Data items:
━━━━━━
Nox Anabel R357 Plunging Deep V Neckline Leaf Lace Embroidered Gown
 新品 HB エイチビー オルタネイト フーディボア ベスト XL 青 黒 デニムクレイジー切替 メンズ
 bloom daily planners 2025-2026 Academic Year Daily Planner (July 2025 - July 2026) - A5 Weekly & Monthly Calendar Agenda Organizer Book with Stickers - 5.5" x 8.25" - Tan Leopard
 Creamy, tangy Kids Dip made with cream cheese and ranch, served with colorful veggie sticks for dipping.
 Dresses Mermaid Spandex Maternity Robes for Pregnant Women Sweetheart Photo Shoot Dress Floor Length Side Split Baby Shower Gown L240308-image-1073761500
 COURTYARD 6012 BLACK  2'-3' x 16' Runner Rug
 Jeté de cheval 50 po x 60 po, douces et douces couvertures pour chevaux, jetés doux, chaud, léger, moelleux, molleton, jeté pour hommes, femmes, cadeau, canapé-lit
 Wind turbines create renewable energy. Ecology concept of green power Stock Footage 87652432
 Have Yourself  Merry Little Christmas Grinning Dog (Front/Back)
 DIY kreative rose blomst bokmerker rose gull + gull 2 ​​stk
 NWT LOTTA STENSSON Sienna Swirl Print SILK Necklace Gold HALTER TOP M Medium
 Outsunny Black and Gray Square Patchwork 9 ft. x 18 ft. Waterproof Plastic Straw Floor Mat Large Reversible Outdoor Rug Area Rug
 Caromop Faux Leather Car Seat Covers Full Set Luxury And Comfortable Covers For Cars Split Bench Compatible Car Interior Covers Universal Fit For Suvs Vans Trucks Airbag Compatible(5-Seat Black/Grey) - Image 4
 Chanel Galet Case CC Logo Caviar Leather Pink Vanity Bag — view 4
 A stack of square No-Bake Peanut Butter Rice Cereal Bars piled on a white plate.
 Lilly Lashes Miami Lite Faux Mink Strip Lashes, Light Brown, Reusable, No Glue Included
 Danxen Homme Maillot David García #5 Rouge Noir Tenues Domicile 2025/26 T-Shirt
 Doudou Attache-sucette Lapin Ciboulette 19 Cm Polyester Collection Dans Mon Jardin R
━━━━━━
EXERCISE PROMPT
The lines above from the one containing "Grinning Dog (Front/Back)" through the one containing "Outsunny Black and" are to be set down exactly, and no others.

RESULT OF THE TASK
 Have Yourself  Merry Little Christmas Grinning Dog (Front/Back)
 DIY kreative rose blomst bokmerker rose gull + gull 2 ​​stk
 NWT LOTTA STENSSON Sienna Swirl Print SILK Necklace Gold HALTER TOP M Medium
 Outsunny Black and Gray Square Patchwork 9 ft. x 18 ft. Waterproof Plastic Straw Floor Mat Large Reversible Outdoor Rug Area Rug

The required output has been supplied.